Dancer-turned-designer Wong looked at non-verbal communication as the starting point of her project, approaching the task from a personal point of reflection and knowledge. ‘I wanted to translate my previous understanding of how we can connect and communicate,’ she says, and looked to create a piece to nurture strength, intimacy and connection. Invisible physical boundaries and the creation of textures through light formed the basis of the project, which developed into a coffee table featuring interlocking echoed forms, where the functional joinery also became a decorative motif for the piece. Wong chose American cherry because of its grain and colour. ‘It has a beautiful warmth in its pinkish, red hue,’ she says. ‘I felt that supported everything I was trying to put into this piece.’ Her design’s name (using the Latin word for ‘beside’) represents the desire for human connection and closeness that guided the process.


Tan Wei Xiang - Recollect


Woods: American hard maple, red oak 


Searching for a tangible physical connection to loved ones (beyond virtual calls), Tan turned to keepsakes as a way to fight nostalgia.

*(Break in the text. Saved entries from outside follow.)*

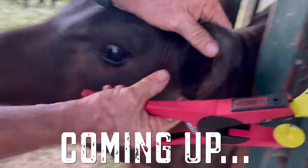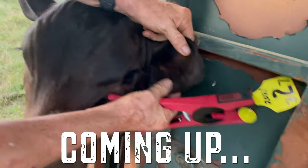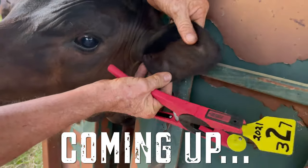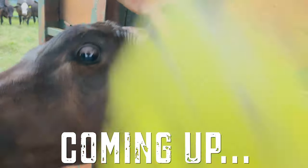Look at the two ear cartilage markers we just set. They look like little ropes — one here, one here. You want to put it right in the middle of those two.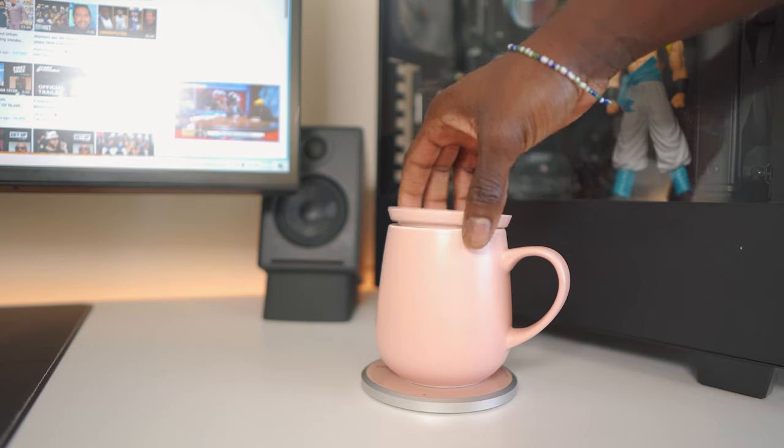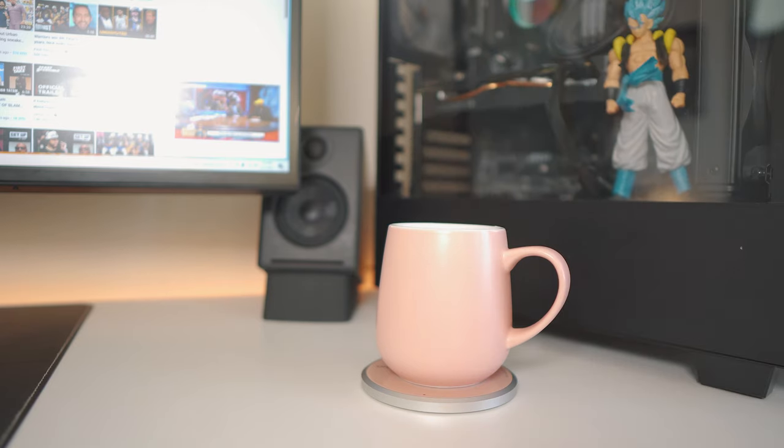The Uhum also comes with a cover lid so you can cover your beverage. It comes with a filter as well for your tea or if you want to brew coffee — you can pour your tea leaves or coffee grinds into it, though I don't have that accessory anymore.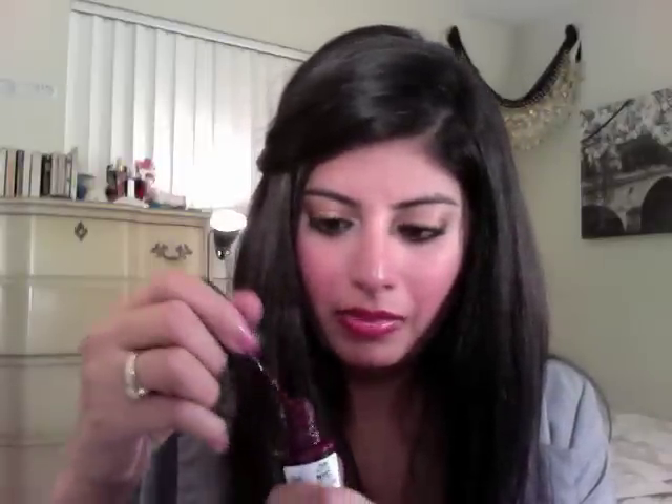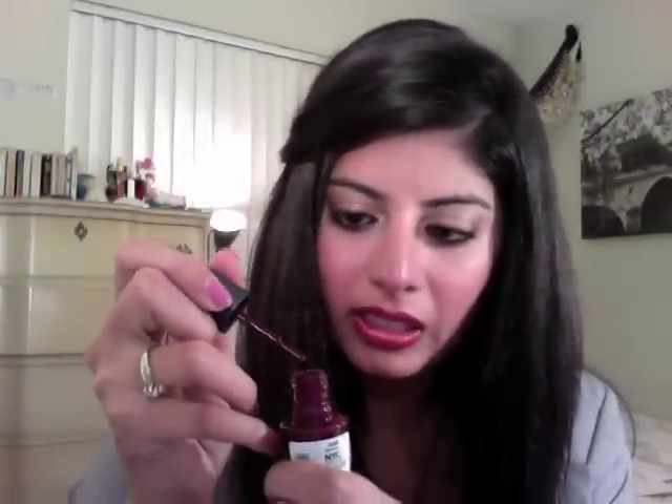I really like this one as well — Manhattan. It's a cream, deep grape, like a wine color. It's really nice and I put it on my toes. So all of those I really liked, obviously except for the green one.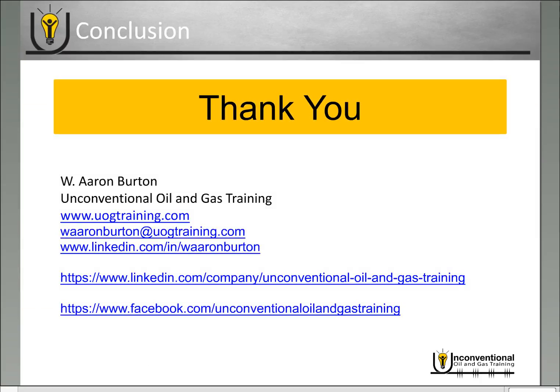That's it for the reclosable coil tubing activated frac sleeves. Once again this is Aaron Burton with Unconventional Oil and Gas Training. Thank you for joining me today. If you have any questions about this module, please feel free to leave them in the comments or reach out on social media or by email. Also if you're enjoying the video blog, be sure to sign up for our email communications to stay up to date on blogs as they're released and other events we're doing as well. Thank you and have a great day.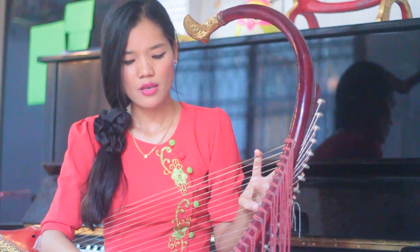This is the Burmese harp. We call it 'saung gauk' in Myanmar — in short, 'saung'. It is a very ancient musical instrument in Myanmar.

His keepsakes cabinet is imagined as a way to hold, preserve and give respect to the items we hold dear. Its forms were inspired by Singapore’s ubiquitous construction sites and the ridged zinc sheets used to protect them. Tan recreated this motif as the outer shell of his tall, lean cabinet, and created curved shelves to sit inside it, with a mirrored, polished brass circle, mimicking the sun setting on the horizon. The designer had worked with maple before but never from the American hardwood forests and, for this project, he selected a combination of hard maple of different thicknesses to achieve the ‘crinkled’ effect on the shell, and red oak for the curved shelves inside.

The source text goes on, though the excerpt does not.